Message Boards Message Boards

2018 FIFA World Cup Football / Soccer Simulation

winner map

This June 14, 2018 starts the FIFA World Cup in Russia. After reading El País predition (see (1) and (2)), I wondered if I could build my own simulation using Wolfram Language. So here it is what I tried. Any new ideas on how to improve it are welcome, and let the best win!

Introduction

I will build this simulation by blocks:

  1. Base data
  2. Simulation of a match
  3. Simulation of the groups phase
  4. Simulation of the second phase
  5. All together

1. Base data

1.1. Rankings

As a base for this model, I will use the FIFA ranking. We could also do a test using other rankings (like the one generated by El País (2)).

I've downloaded the ranking from FIFA, and after using Interpreter["Country"] on all the names, I could get most of the countries properly parsed. Of course, we all know UK is not united for football, so I used Interpreter["AdministrativeDivision"] for the UK home nations, and a few other cases needed special threatment (like the case of Tahiti, which is not a proper country, so I did align it with Tahiti Islands, or Congo vs Congo DR, which need special disambiguation).
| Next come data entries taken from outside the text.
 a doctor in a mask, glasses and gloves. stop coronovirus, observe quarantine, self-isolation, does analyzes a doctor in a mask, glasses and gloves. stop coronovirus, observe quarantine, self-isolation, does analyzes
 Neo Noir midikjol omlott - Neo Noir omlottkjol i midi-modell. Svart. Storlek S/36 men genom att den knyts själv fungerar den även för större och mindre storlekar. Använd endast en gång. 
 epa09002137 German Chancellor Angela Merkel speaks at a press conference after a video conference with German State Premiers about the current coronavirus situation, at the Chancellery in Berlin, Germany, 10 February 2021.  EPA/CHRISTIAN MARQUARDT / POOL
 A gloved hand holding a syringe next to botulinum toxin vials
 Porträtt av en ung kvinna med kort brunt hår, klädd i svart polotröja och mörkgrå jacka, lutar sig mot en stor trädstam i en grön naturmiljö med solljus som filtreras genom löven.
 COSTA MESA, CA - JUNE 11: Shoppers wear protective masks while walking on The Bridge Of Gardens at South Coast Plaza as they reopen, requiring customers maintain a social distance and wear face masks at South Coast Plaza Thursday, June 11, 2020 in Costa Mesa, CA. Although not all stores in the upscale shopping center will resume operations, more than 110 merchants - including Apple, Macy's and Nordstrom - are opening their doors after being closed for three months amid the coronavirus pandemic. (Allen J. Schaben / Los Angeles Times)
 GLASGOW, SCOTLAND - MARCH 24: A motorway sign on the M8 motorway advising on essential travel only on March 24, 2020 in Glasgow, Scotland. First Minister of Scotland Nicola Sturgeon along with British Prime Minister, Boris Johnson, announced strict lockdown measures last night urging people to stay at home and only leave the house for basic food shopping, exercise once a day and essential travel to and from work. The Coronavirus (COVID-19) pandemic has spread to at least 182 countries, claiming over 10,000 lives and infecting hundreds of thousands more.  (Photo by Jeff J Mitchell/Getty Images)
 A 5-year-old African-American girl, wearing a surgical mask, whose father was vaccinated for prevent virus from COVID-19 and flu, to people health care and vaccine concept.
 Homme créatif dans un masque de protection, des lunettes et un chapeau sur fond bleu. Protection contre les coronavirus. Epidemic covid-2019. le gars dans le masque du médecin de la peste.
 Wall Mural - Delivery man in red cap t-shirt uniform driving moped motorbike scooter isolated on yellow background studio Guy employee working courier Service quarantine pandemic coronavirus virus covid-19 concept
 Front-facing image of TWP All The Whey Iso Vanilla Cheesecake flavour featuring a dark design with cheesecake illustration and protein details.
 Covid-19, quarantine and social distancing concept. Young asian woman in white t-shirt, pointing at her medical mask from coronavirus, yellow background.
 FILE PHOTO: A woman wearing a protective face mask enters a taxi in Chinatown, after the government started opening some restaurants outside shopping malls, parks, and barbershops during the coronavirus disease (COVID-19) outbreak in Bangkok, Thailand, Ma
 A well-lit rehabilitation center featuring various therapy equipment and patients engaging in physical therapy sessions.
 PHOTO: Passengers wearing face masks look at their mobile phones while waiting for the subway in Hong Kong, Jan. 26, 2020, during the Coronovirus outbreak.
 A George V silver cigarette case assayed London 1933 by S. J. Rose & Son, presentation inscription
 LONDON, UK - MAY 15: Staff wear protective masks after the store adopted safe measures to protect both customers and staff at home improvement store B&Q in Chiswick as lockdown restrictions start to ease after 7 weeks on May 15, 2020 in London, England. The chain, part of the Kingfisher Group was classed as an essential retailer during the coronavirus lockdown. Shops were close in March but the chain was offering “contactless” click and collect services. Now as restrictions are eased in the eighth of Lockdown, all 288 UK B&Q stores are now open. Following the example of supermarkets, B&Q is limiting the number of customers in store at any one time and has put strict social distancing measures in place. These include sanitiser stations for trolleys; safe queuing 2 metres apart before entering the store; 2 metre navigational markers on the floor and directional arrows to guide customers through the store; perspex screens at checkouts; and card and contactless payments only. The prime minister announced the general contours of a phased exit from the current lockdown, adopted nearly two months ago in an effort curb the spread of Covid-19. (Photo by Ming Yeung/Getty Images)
Here I will attach the result of that ranking, so we should just load it:

rankingPoints = Dispatch[Get["rankingFifaJune7.m"]]

1.2. Participants and Groups

Using the previous alignment, I took the list from FIFA and converted into a simple list of countries.

countries = {Entity["Country", "Russia"], 
  Entity["Country", "SaudiArabia"], Entity["Country", "Egypt"], 
  Entity["Country", "Uruguay"], Entity["Country", "Portugal"], 
  Entity["Country", "Spain"], Entity["Country", "Morocco"], 
  Entity["Country", "Iran"], Entity["Country", "France"], 
  Entity["Country", "Australia"], Entity["Country", "Peru"], 
  Entity["Country", "Denmark"], Entity["Country", "Argentina"], 
  Entity["Country", "Iceland"], Entity["Country", "Croatia"], 
  Entity["Country", "Nigeria"], Entity["Country", "Brazil"], 
  Entity["Country", "Switzerland"], Entity["Country", "CostaRica"], 
  Entity["Country", "Serbia"], Entity["Country", "Germany"], 
  Entity["Country", "Mexico"], Entity["Country", "Sweden"], 
  Entity["Country", "SouthKorea"], Entity["Country", "Belgium"], 
  Entity["Country", "Panama"], Entity["Country", "Tunisia"], 
  Entity["AdministrativeDivision", {"England", "UnitedKingdom"}], 
  Entity["Country", "Poland"], Entity["Country", "Senegal"], 
  Entity["Country", "Colombia"], Entity["Country", "Japan"]}

Given that it is sorted by groups, we could just use Partition and get the teams per group:

teamsByGroup = AssociationThread[CharacterRange["A", "H"] -> Partition[countries, 4]]

2. Simulation of a match

This is probably the hardest part of this problem. How to predict the outcome of a match? If it were easy, we would not even play! Well, I will use the same prediction used by other sources (like this paper), which is based on a Poisson distribution using the ration between the FIFA rankings. I'm adding also another factor that could be used to tweak more the probability (for example, Russia may not have a good ranking, but it is playing at home, that may be important!).

When it is not allowed to be a draw, instead of doing only an extra time and round of penalties if needed, I just called again the basic results to get a new result until no the tie is broken. To get an actual result we may want to call only once the Poisson distribution (for the extra time), and then maybe a binomial distribution for penalties.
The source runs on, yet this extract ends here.